START Given data
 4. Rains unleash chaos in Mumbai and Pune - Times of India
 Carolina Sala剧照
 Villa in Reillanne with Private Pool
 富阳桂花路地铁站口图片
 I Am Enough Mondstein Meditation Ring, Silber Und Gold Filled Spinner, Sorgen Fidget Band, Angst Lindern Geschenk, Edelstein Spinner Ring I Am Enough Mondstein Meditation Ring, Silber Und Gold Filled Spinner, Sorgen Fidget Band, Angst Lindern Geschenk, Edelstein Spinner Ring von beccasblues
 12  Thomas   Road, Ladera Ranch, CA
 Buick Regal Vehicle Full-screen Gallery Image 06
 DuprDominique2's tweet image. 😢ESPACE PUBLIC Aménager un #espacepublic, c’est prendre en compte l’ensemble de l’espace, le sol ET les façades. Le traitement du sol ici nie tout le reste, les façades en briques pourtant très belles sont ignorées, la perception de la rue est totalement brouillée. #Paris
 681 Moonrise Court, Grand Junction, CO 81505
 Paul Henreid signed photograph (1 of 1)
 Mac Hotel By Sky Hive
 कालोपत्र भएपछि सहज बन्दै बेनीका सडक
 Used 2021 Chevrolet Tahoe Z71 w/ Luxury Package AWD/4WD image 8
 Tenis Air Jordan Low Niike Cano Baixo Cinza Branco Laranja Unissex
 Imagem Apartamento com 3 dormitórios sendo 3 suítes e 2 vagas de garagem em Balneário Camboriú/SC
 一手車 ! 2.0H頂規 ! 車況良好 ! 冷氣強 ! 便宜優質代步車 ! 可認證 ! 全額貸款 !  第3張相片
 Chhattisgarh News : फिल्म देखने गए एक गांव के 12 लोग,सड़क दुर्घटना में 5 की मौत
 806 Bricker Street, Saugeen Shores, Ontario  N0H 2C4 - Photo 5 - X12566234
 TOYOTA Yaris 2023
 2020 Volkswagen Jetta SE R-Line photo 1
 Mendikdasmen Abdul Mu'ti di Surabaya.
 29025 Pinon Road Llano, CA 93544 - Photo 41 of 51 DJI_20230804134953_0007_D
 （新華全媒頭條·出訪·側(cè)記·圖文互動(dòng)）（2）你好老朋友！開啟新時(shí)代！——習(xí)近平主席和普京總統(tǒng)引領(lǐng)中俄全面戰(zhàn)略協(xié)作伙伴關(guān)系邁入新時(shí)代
END Given data
● The task
In the listing above, find the line with "Carolina Sala剧照" and the line with "Buick Regal Vehicle"; set down exactly those two lines and every line between them, nothing more.

● Result
 Carolina Sala剧照
 Villa in Reillanne with Private Pool
 富阳桂花路地铁站口图片
 I Am Enough Mondstein Meditation Ring, Silber Und Gold Filled Spinner, Sorgen Fidget Band, Angst Lindern Geschenk, Edelstein Spinner Ring I Am Enough Mondstein Meditation Ring, Silber Und Gold Filled Spinner, Sorgen Fidget Band, Angst Lindern Geschenk, Edelstein Spinner Ring von beccasblues
 12  Thomas   Road, Ladera Ranch, CA
 Buick Regal Vehicle Full-screen Gallery Image 06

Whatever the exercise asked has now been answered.